[cuda-gdb] strange local var value in different threads of the same kernel call

I’ve been having problems debugging several of my cuda kernel calls using cuda-gdb, as in the following code sample, numThreads and threadID don’t seem to have the correct assigned values across different threads.

[codebox]

global void ChopScale(cufftComplex * d_RawData,

                      const unsigned int sample_cnt)

{

const int numThreads = blockDim.x * gridDim.x;

const int threadID = blockIdx.x * blockDim.x + threadIdx.x;

for (unsigned int i=threadID; i<sample_cnt; i+=numThreads)

{

        d_RawData[i].x = d_RawData[i].x * 2;

        d_RawData[i].y = d_RawData[i].y * 2;

}

__syncthreads(); // wait for all threads

}

[/codebox]

I launch the kernel with in my main program with a simple setup as follows, and the d_RawData is a 1D vector with more than 1024 elements.

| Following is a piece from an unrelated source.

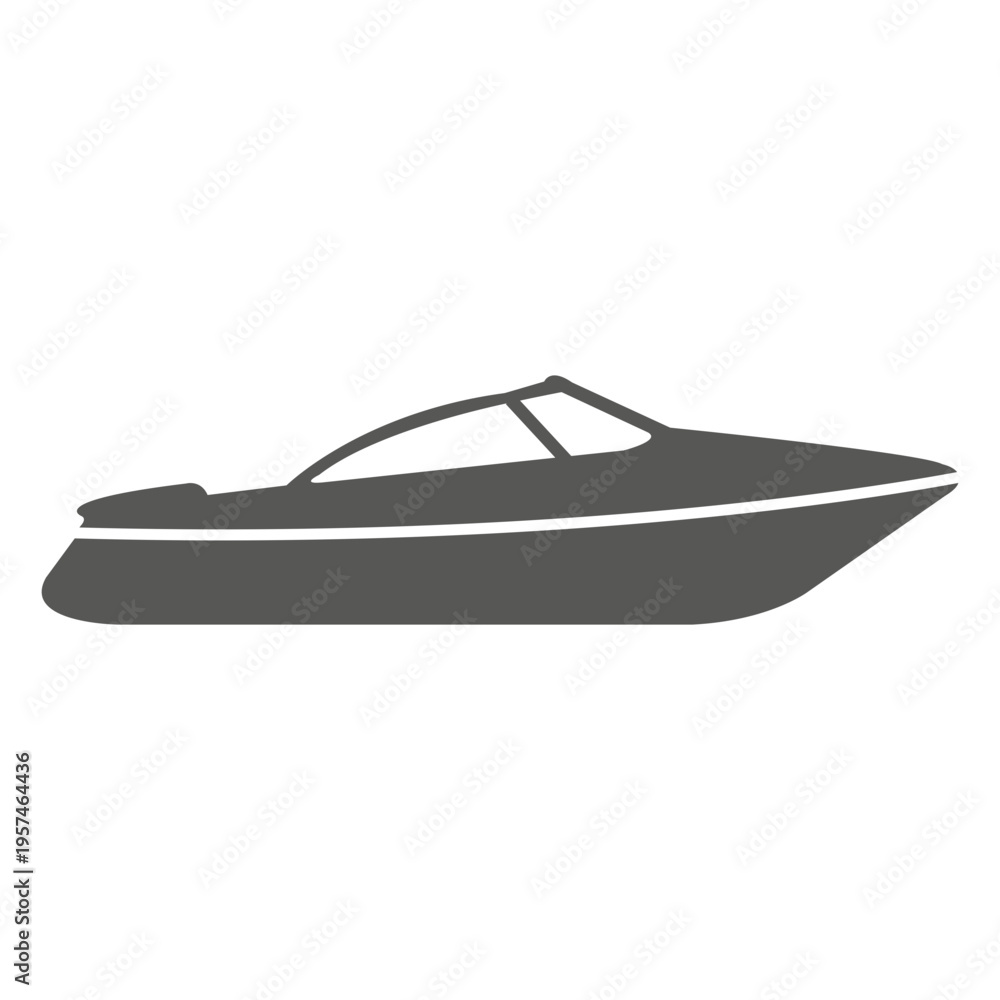 Naklejka premium Racing speedboat icon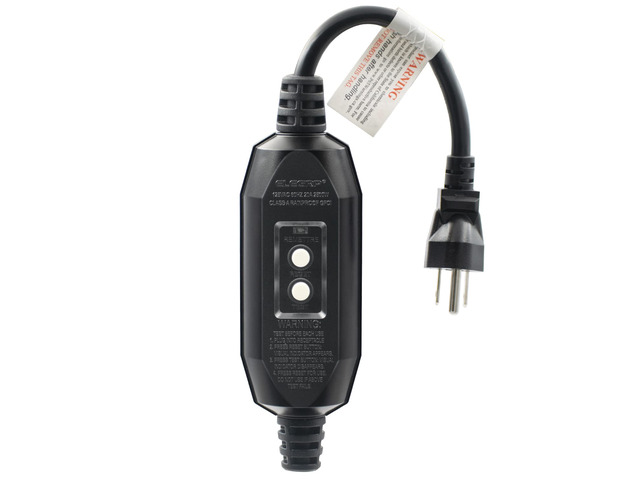 G1215CM Patented Auto-Monitoring GFCI Replacement Plug Inline Assembly, G20CMR Manual Reset 15 Amp Grounded 3 Wires 3-Prongs for Power Tools, Lawn...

[codebox]#define FFTWIDTH 1024

dim3 mygridDim, myblkDim;

mygridDim = dim3(1);

myblkDim = dim3(128);

ChopScale<<<mygridDim, myblkDim>>>((cufftComplex *)d_RawData, FFTWIDTH);[/codebox]

in thread <<<(0,0),(0,0,0)>>> they seem fine:

[codebox]

(cuda-gdb) n

[Current CUDA Thread <<<(0,0),(0,0,0)>>>]

ChopScale () at cudamemtest.cu:106

106 d_RawData[i].y = d_RawData[i].y * 2;

(cuda-gdb) i locals

i = 128

numThreads = 128

threadID = 0

d_RawData = (cufftComplex * const @global) 0xb66d3008

sample_cnt = 1024

[/codebox]

but if I switch to a different thread

codebox thread <<<(0,0),(95,0,0)>>>

Switching to <<<(0,0),(95,0,0)>>> ChopScale () at cudamemtest.cu:106

[Current CUDA Thread <<<(0,0),(95,0,0)>>>]

ChopScale () at cudamemtest.cu:106

106 d_RawData[i].y = d_RawData[i].y * 2;

(cuda-gdb) i locals

i = 255

numThreads = 128

threadID = 127

d_RawData = (cufftComplex * const @global) 0xb66d3008

sample_cnt = 1024[/codebox]

the threadID gives me a wrong value of 127, while it should have been 95, and this sometimes happens to the numThreads var too.

Another thing that confuses me is, when I tried print out the address of the threadID var in both threads and they all give me the same mem address, is it what it supposed to be like that?

Has anyone had the similar/same problems? Or any suggestions/solution to this? Thank you so much.

The configurations for my computer is

MacBook Unibody (Late 2008) with GeForce 9400M

Ubuntu 9.04 32bit with kernel 2.6.28-11-generic

gcc/g++ version 4.3.3

cuda tookit 2.3_linux_32_ubuntu9.04

cuda driver 2.3_linux_32_190.18

Merry Christmas and Happy New Year =)

Upgrade to 3.0b1–the debugger team fixed a lot of the bugs I reported with local variables not being visible or being incorrect from 2.3 to 3.0. Hopefully this is one of them.